▸ Your objective
Print only the lines below from the one with "The ST64 Retro" to the one with "Shark Robot Vacuum", both included, exactly as they stand. Leave pictures out.

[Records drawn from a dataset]
BEGIN

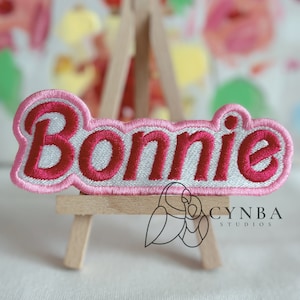 May include: A pink and white embroidered patch with the name "Bonnie" in a bold, cursive font. The patch is displayed on a small wooden easel.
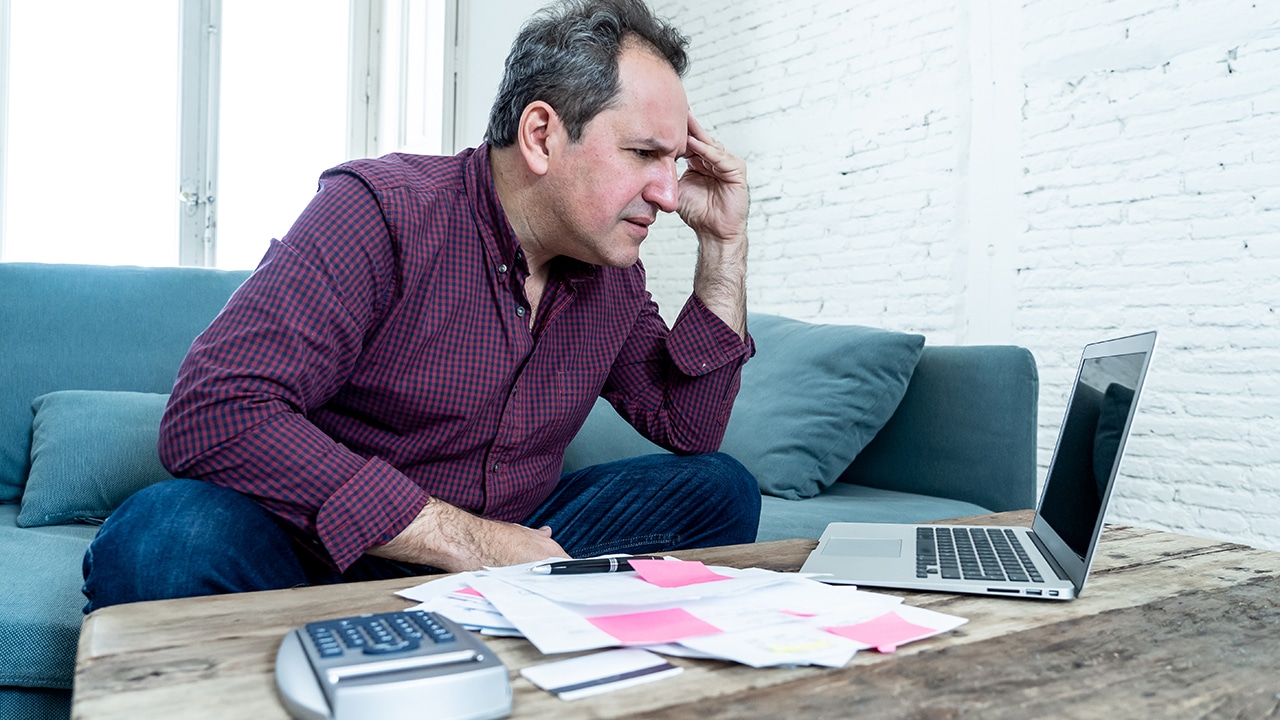 man on computer looking stressed and worried with credit card payments and home finances accounting costs charges taxes and mortgage in paying bills financial problems and debts.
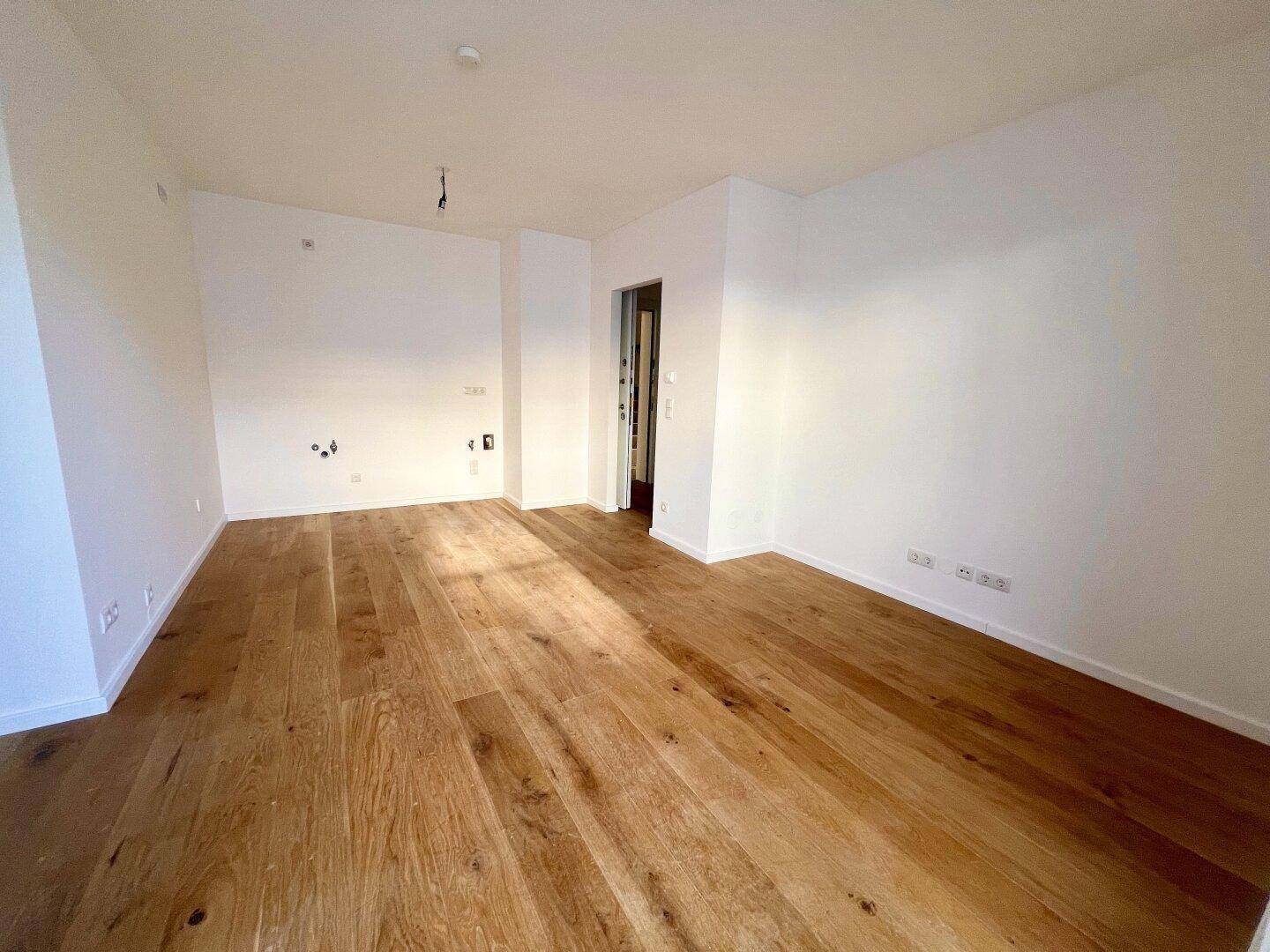 Geräumiges, leeres Zimmer mit Holzboden und weißen Wänden, bereit zur individuellen Gestaltung.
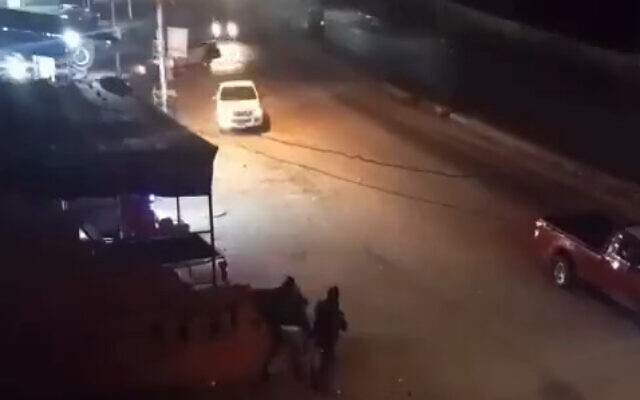 Gunmen are seen opening fire at a police checkpoint in the Egyptian city of Ismailia, purportedly in an attack on December 30, 2022, in a video circulated on social media. (Screenshot: Twitter)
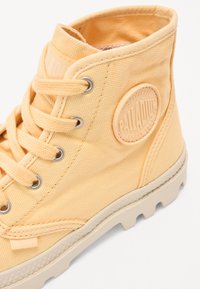 Cizmă ankle din pânză galbenă, cu un logo circular, ochiuri metalice, suprafață texturată și o talpă groasă din cauciuc cu model de aderare.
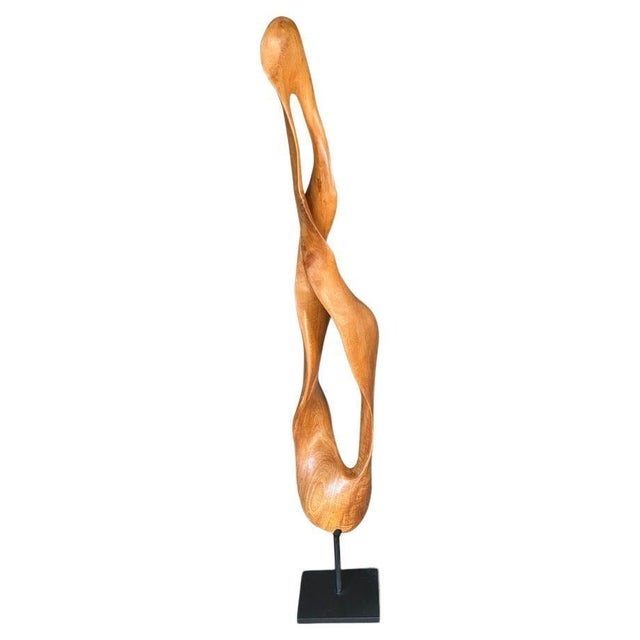 Impressive minimalist sculpture hand carved from a single piece of reclaimed mahogany wood. We added a natural oil...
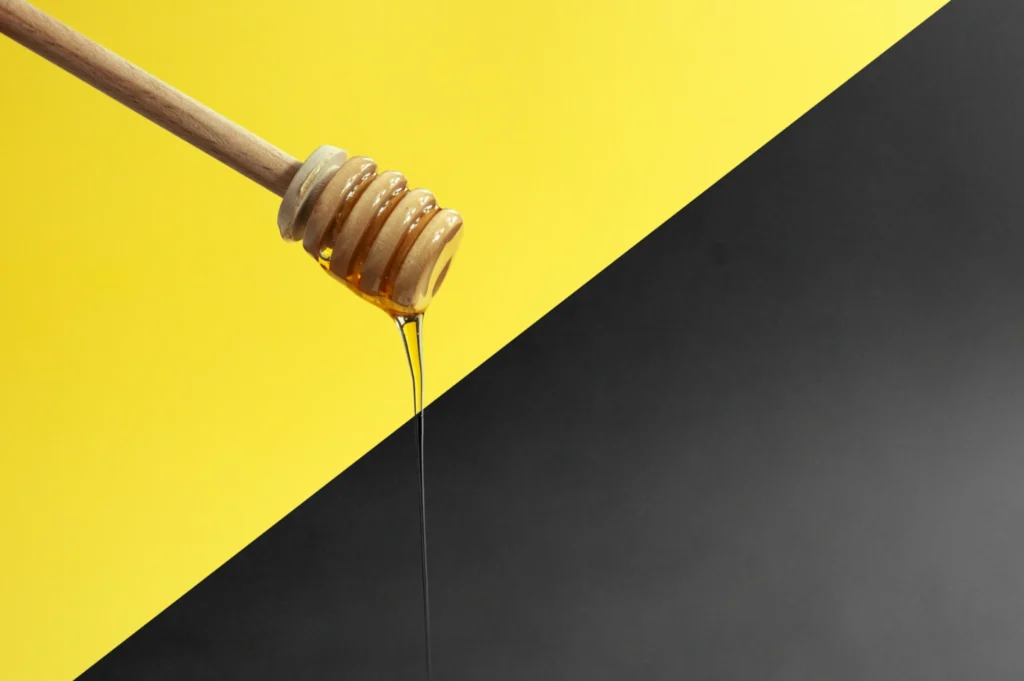 “A honey dipper drips honey diagonally against a background split into bright yellow and dark gray halves, creating a striking contrast.”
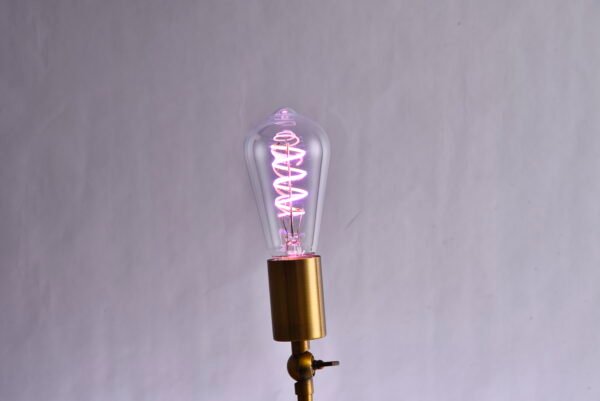 The ST64 Retro LED Bulb features colored lights, including a filament and Edison's creative red, yellow, blue, green, and pink colors.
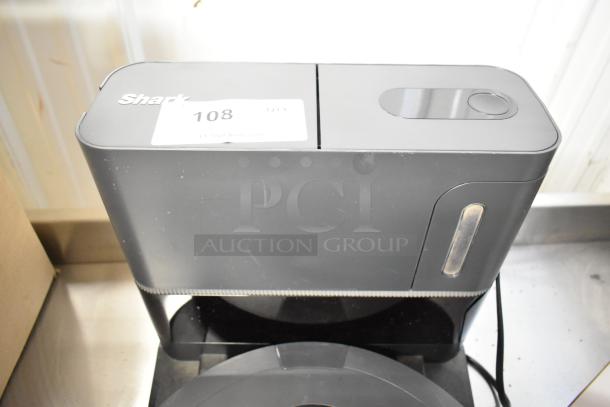 Shark Robot Vacuum Cleaner with docking station, 120V, 1 phase. Includes label "108". Slight surface wear visible.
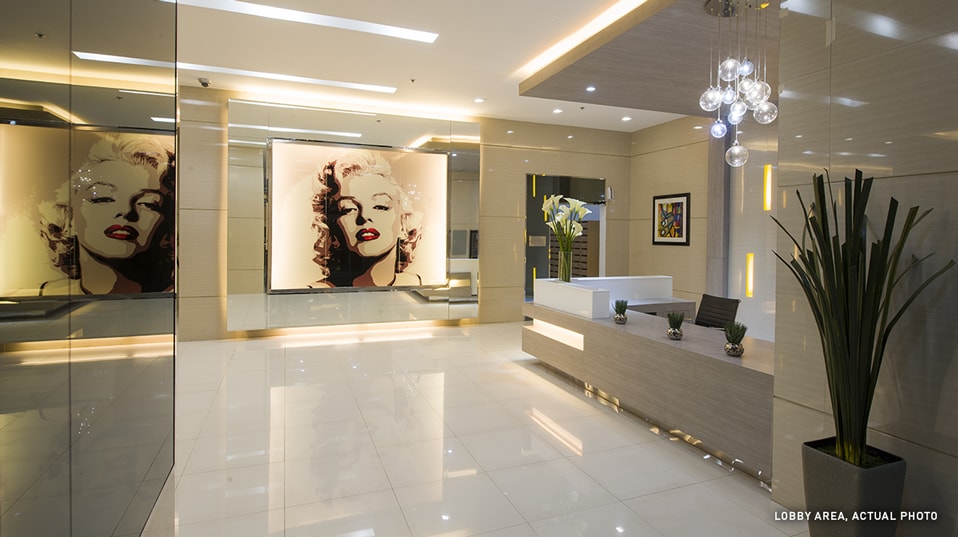 The spacious lobby area features polished white floors and contemporary decor. A reception desk is positioned prominently, complemented by large art pieces on the walls. Elegant lighting fixtures and decorative plants enhance the welcoming ambiance, creating an inviting entrance for guests.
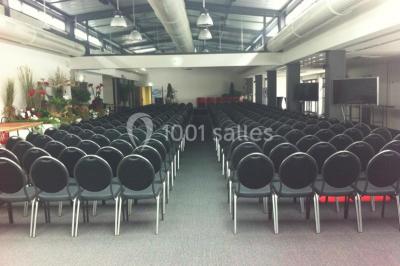 Miniature Location salle Rouen (Seine-Maritime) - Vue Sur Seine #17 Espace intérieur lumineux avec fauteuils rouges et noirs, tables hautes, plantes et stands d'exposition en arrière-plan.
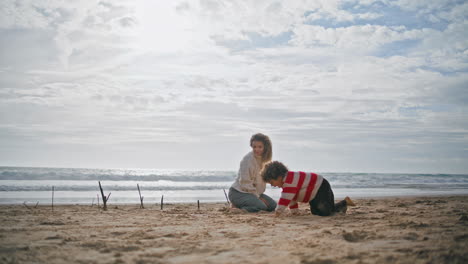 Preschool-boy-playing-beach-with-young-mother.-Happy-parent-kid-resting-together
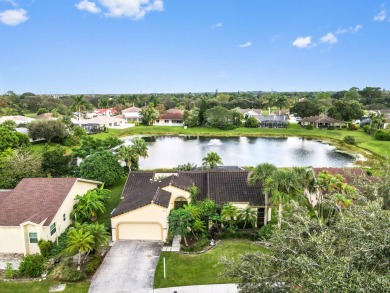 This stunning lakefront home in the highly desirable Elysium on Village Golf Club in Florida - for sale on GolfHomes.com, golf home, golf lot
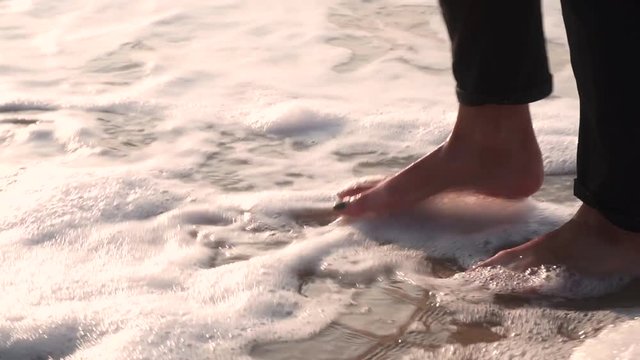 On the wet sand, foot prints, washes away wave, this place is suitable for feet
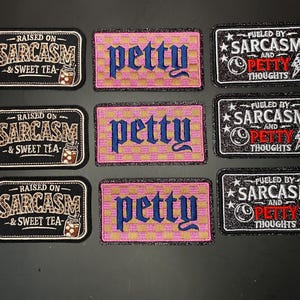 Puede incluir: Nueve parches rectangulares bordados dispuestos en tres columnas. La columna izquierda presenta parches negros con texto de estampado de leopardo Raised on Sarcasm & Sweet Tea. La columna central tiene parches a cuadros rosas y dorados con la palabra petty en azul. La columna derecha muestra parches negros con texto blanco y rojo Fueled by Sarcasm and Petty Thoughts con un icono de rayo y bola.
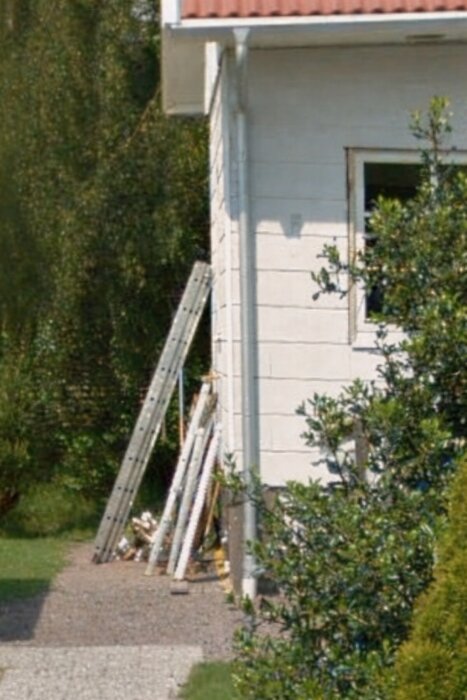 Ett hus från 30-talet med fasad täckt av skivor, troligen eternit, och en stege lutad mot väggen.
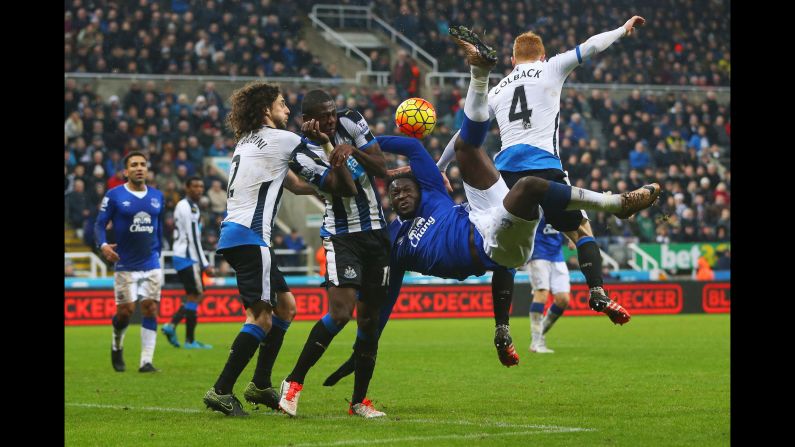 Newcastle players collide with Everton's Romelu Lukaku as he tries an overhead kick Saturday, December 26, in Newcastle upon Tyne, England.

END

▸ Answer
 The ST64 Retro LED Bulb features colored lights, including a filament and Edison's creative red, yellow, blue, green, and pink colors.
 Shark Robot Vacuum Cleaner with docking station, 120V, 1 phase. Includes label "108". Slight surface wear visible.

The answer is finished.